→ Required work
Output all of the data below without changing a word, and exclude the pictures.

======== Source material

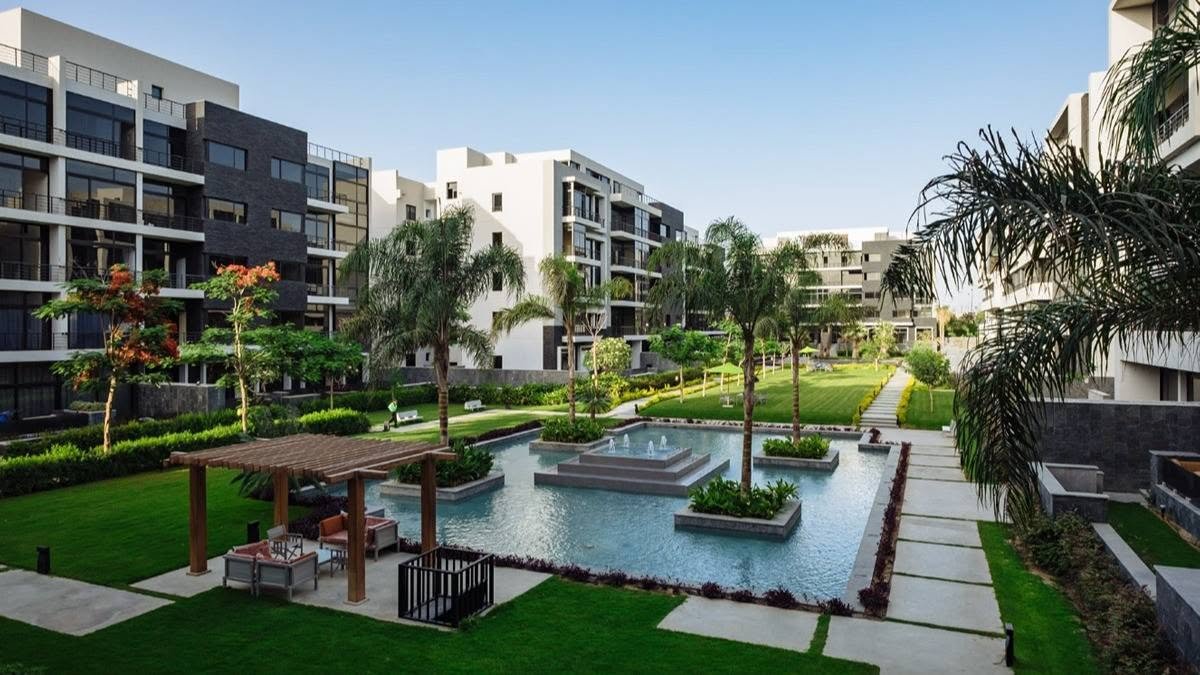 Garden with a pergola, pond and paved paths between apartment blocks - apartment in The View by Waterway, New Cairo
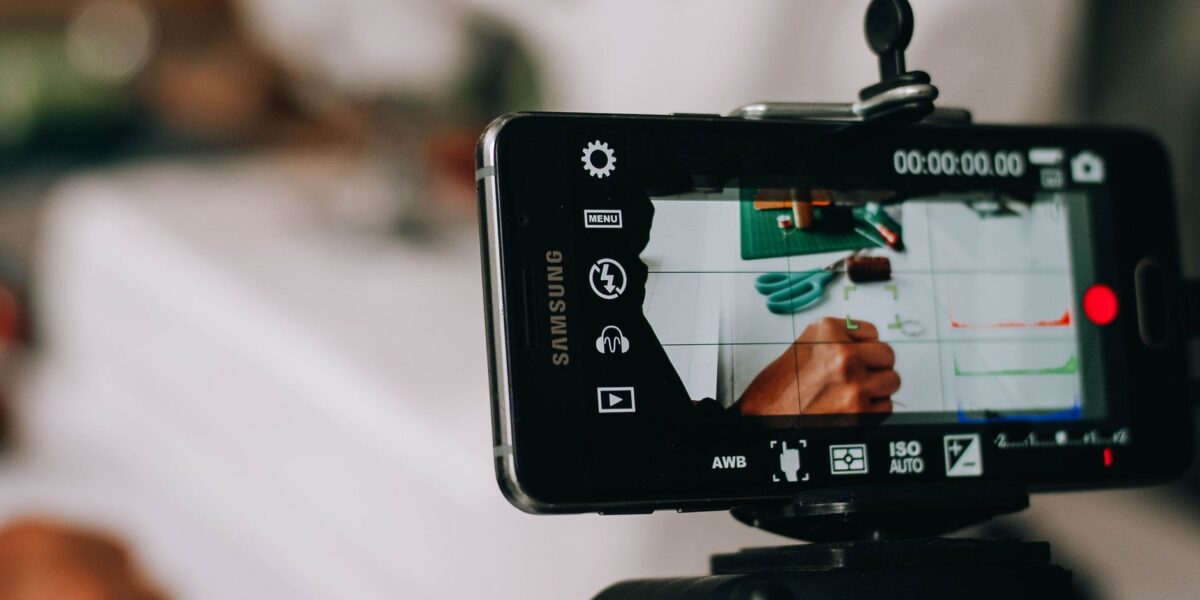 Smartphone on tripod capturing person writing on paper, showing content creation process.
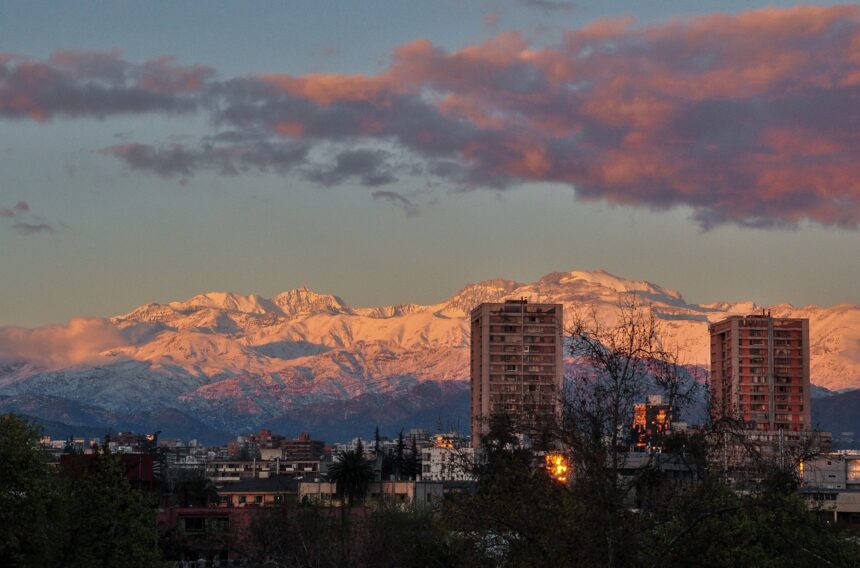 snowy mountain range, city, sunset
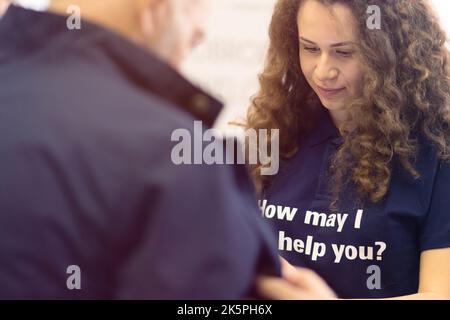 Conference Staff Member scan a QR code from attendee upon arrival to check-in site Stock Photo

================

→ Solution to the problem
 Garden with a pergola, pond and paved paths between apartment blocks - apartment in The View by Waterway, New Cairo
 Smartphone on tripod capturing person writing on paper, showing content creation process.
 snowy mountain range, city, sunset
 Conference Staff Member scan a QR code from attendee upon arrival to check-in site Stock Photo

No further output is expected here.